*Work to complete:*
When a record holds a picture, leave the picture out and copy everything else exactly.

Provided information START

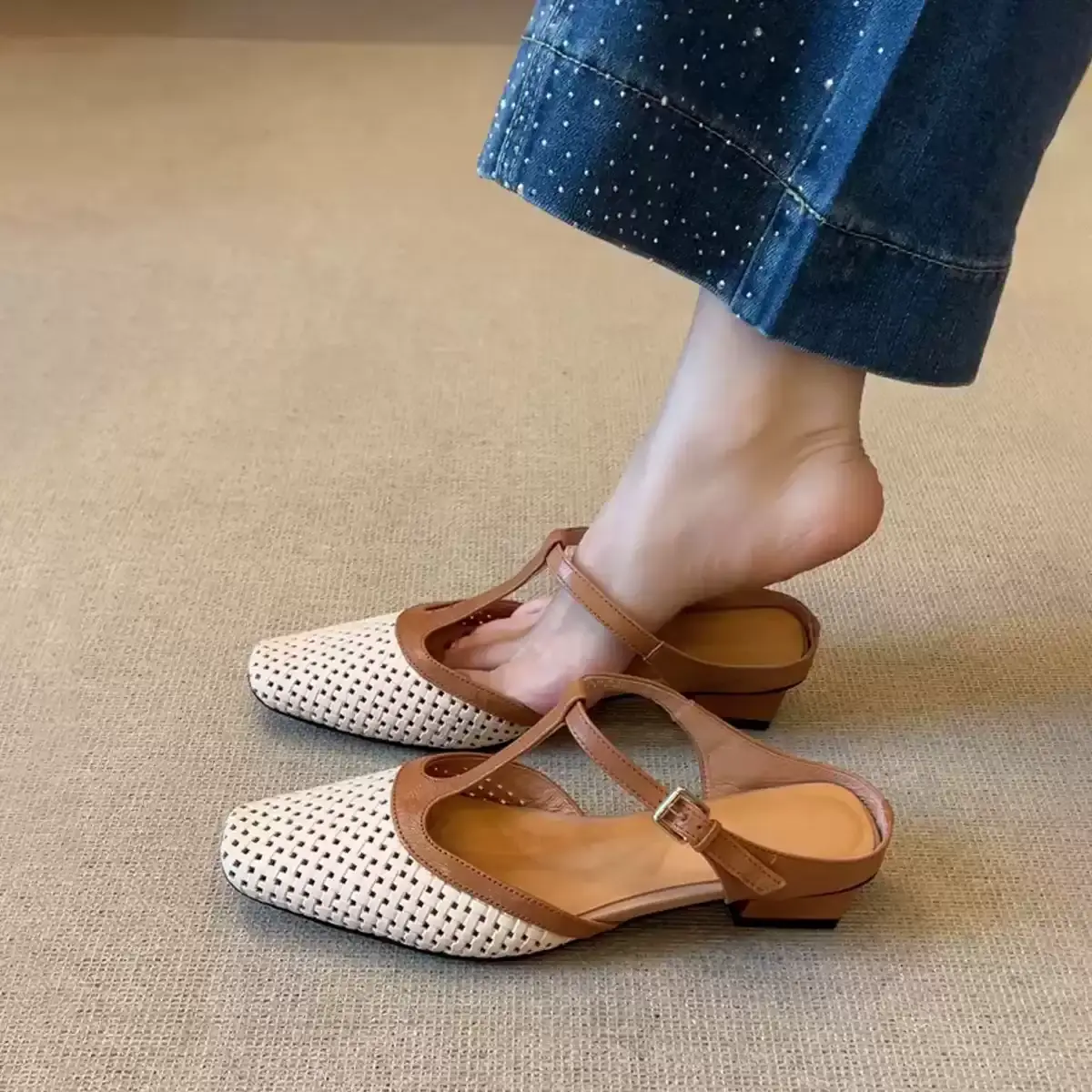 alt="Manshenglian Genuine Leather Square Toe Chunky Heel Slippers – নারীদের জন্য প্রিমিয়াম লেদার সামার মিউলস, ব্রিদেবল ডিজাইন ও আরামদায়ক ব্লক হিল"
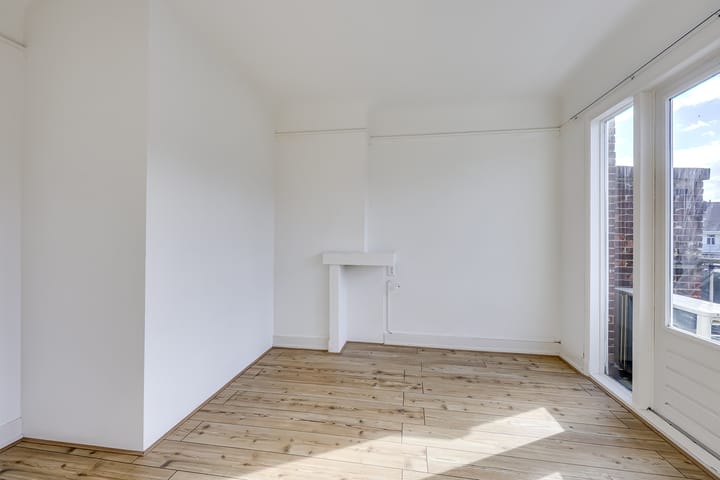 Appartement te koop: Burgemeester Knappertlaan 259B, Schiedam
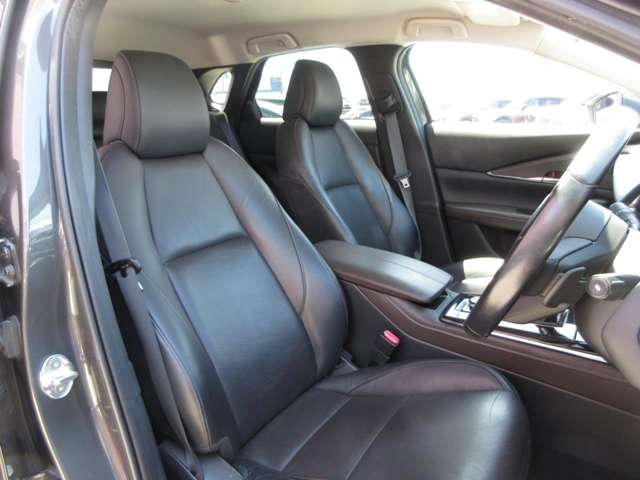 Mazda CX-30 12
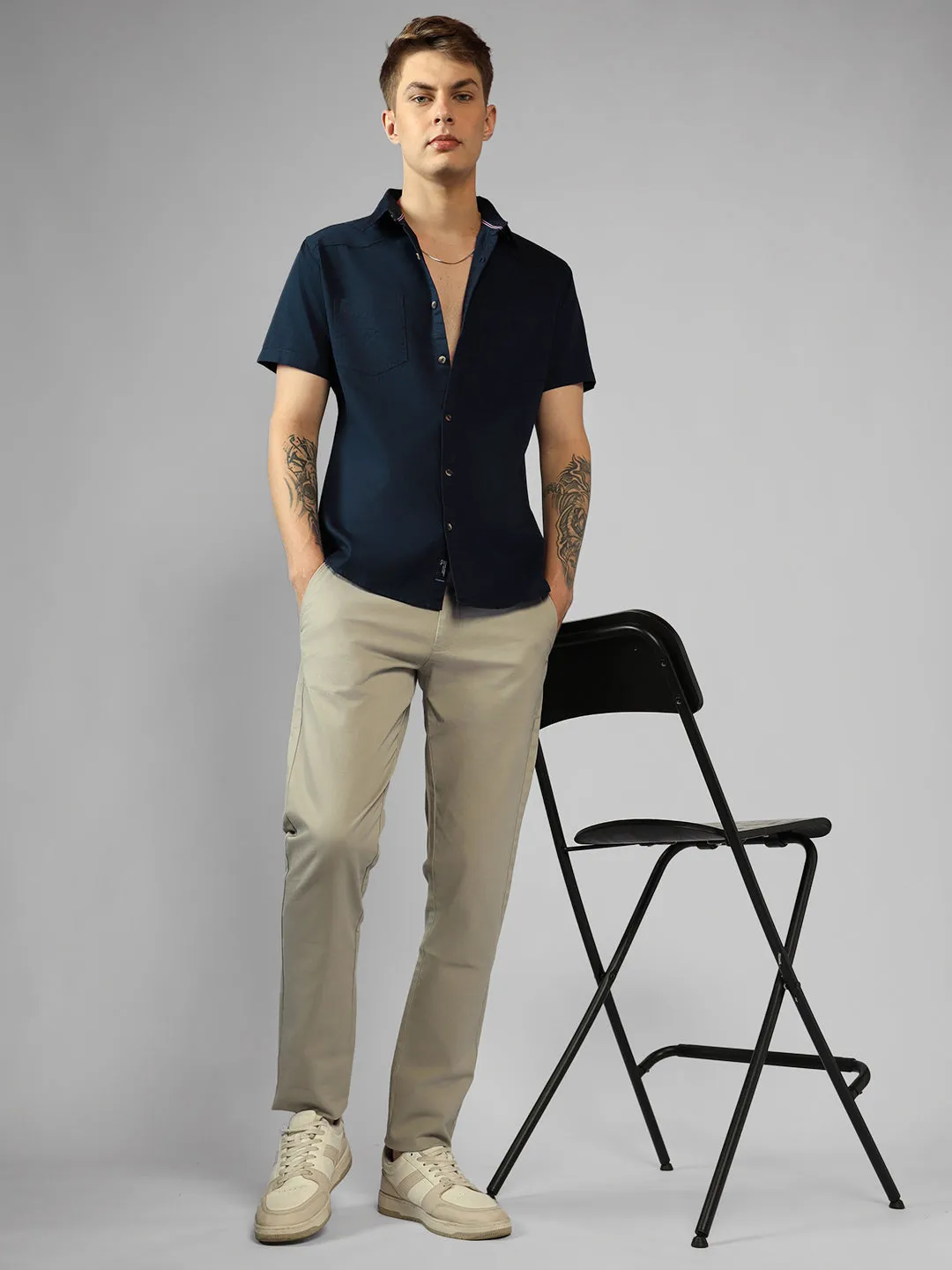Men's Navy Blue Solid Spread Collar Short Sleeves Relaxed Fit Casual Shirt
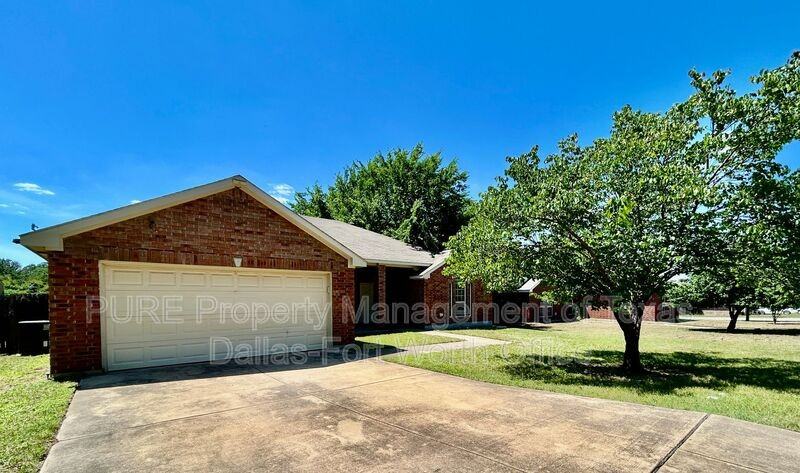629 Madeline Ct - Photo 2 of 35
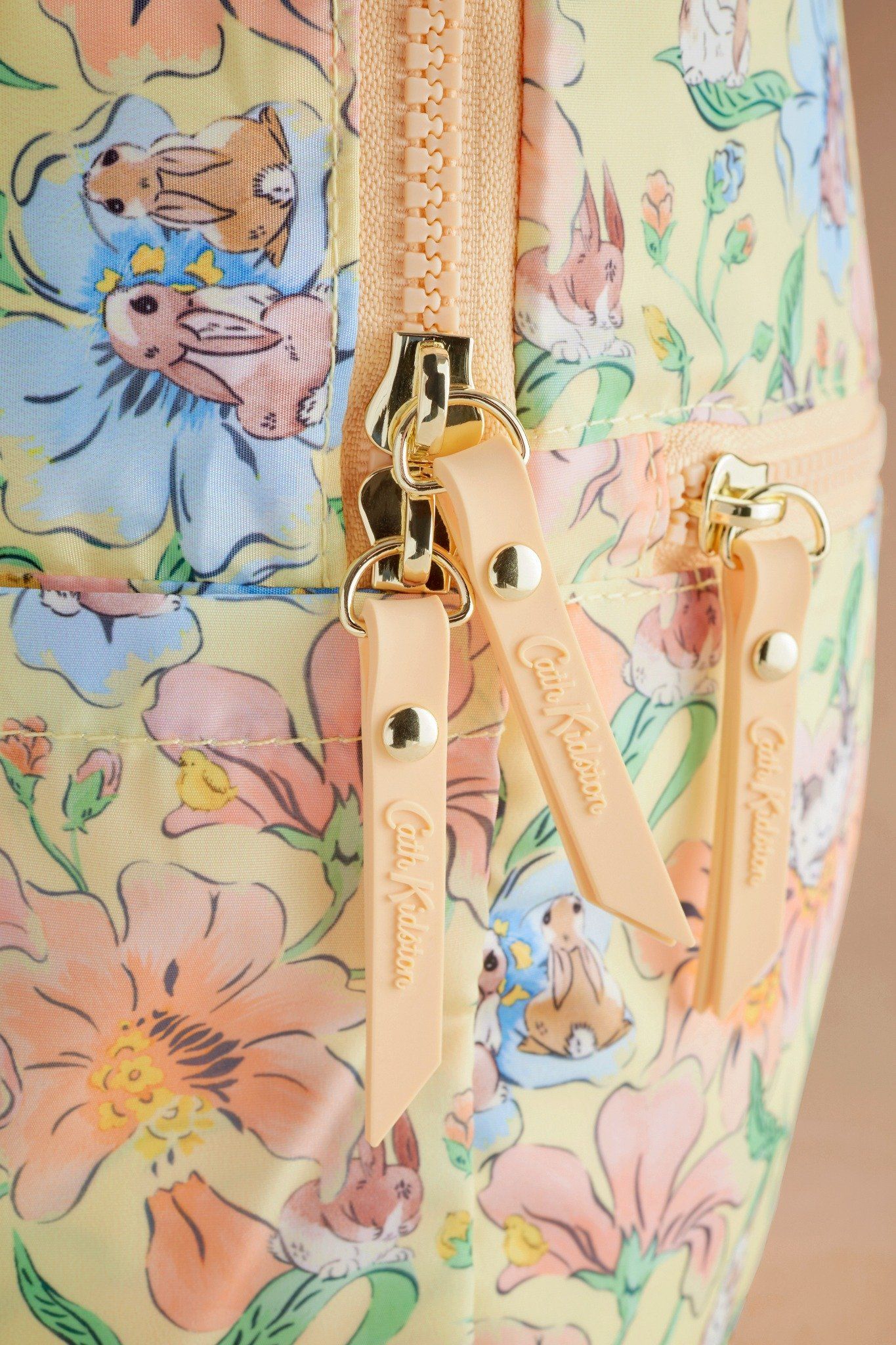 Ba lô/Backpack - Bunnies Floral - Yellow - AA2187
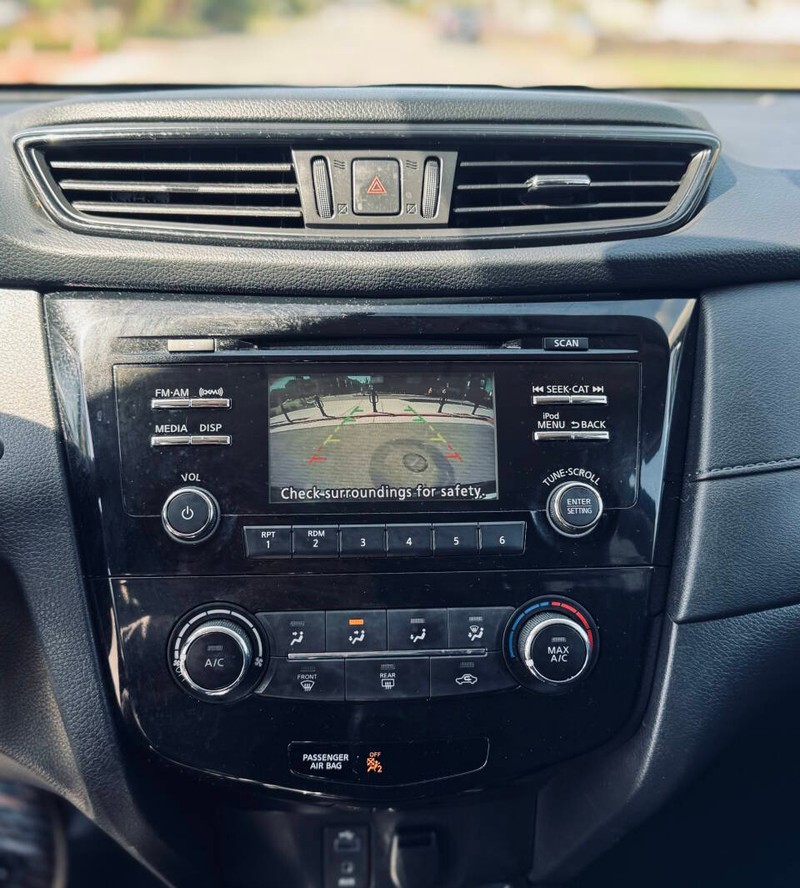 Nissan Rogue Vehicle Full-screen Gallery Image 11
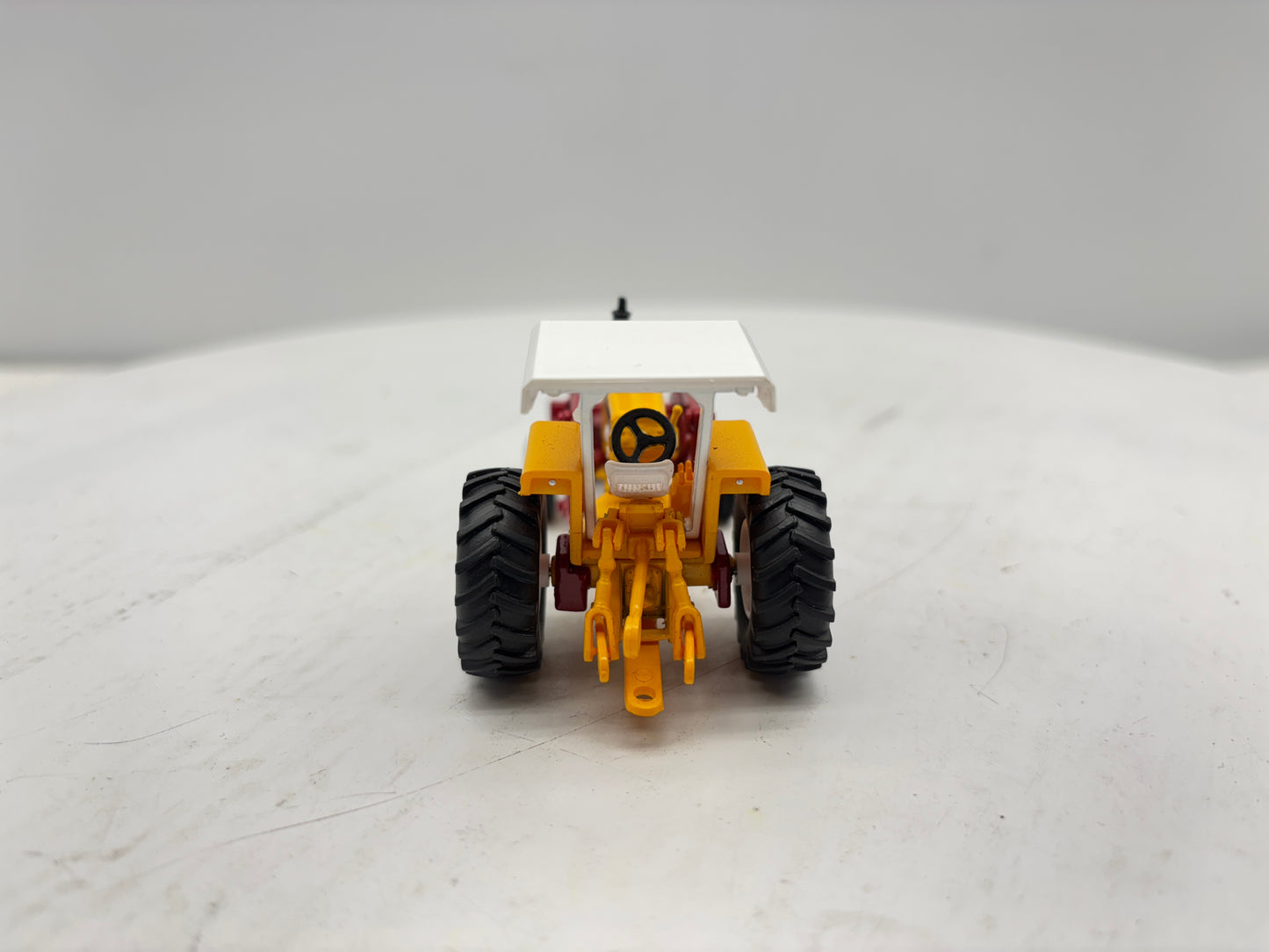1/64 Minneapolis-Moline G-750 with Loader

Provided information END

*Answer box:*
 alt="Manshenglian Genuine Leather Square Toe Chunky Heel Slippers – নারীদের জন্য প্রিমিয়াম লেদার সামার মিউলস, ব্রিদেবল ডিজাইন ও আরামদায়ক ব্লক হিল"
 Appartement te koop: Burgemeester Knappertlaan 259B, Schiedam
 Mazda CX-30 12
Men's Navy Blue Solid Spread Collar Short Sleeves Relaxed Fit Casual Shirt
629 Madeline Ct - Photo 2 of 35
 Ba lô/Backpack - Bunnies Floral - Yellow - AA2187
 Nissan Rogue Vehicle Full-screen Gallery Image 11
1/64 Minneapolis-Moline G-750 with Loader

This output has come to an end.